### Task goal
Please repeat exactly the lines below from the line with "Black rampage Tote purse" to the line with "Tidal Towns Mod смотреть онлайн", including both, and leave out every picture.

### Entries provided
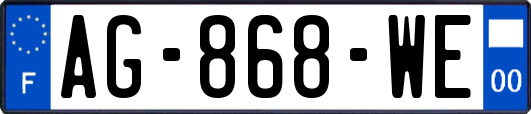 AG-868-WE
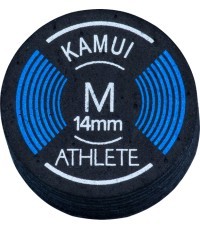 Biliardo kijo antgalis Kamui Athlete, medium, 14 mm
...
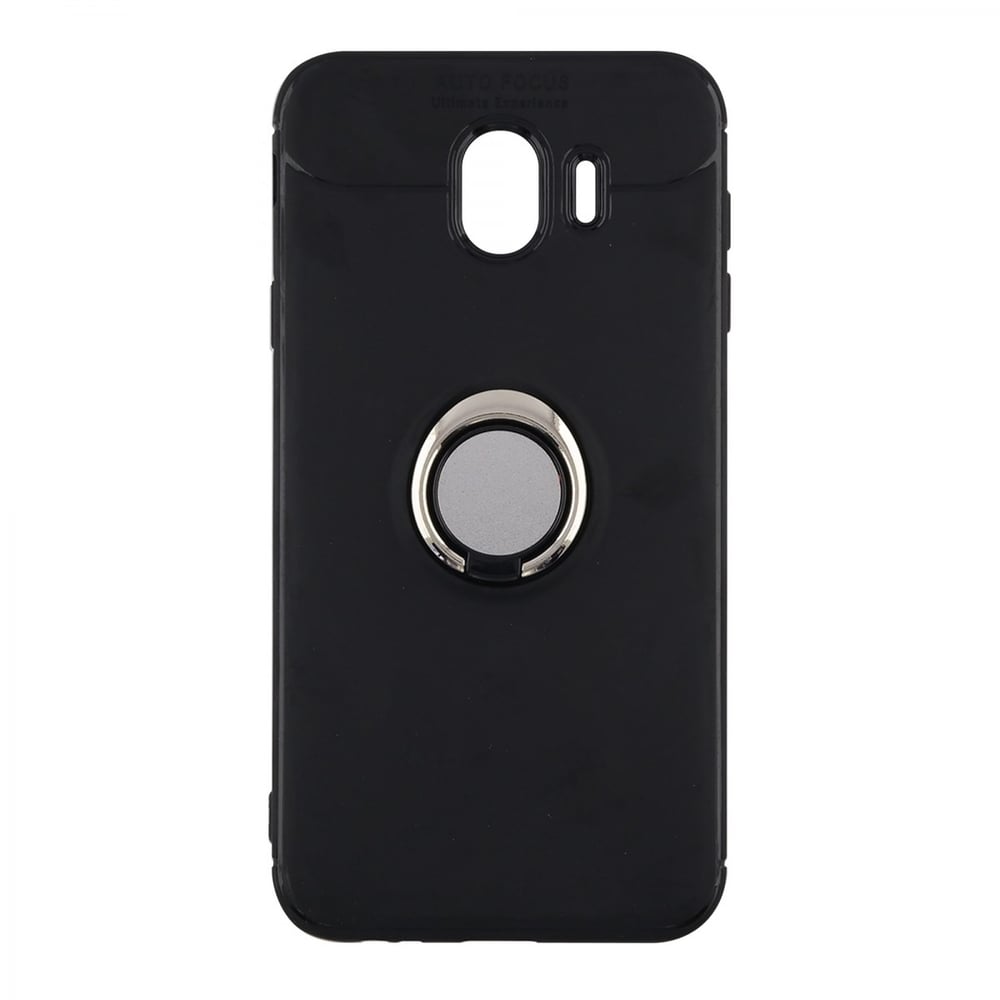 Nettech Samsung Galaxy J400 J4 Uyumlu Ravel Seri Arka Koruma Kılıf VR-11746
==
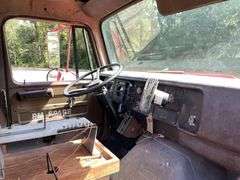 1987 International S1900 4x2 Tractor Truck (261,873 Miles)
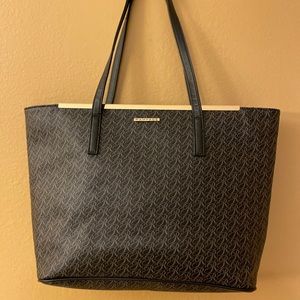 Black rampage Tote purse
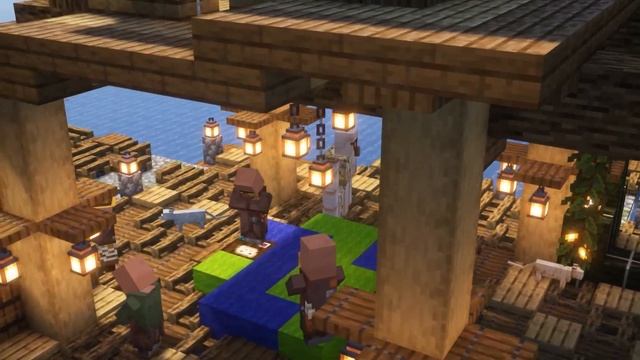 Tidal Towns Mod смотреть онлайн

### Answer box
 Black rampage Tote purse
 Tidal Towns Mod смотреть онлайн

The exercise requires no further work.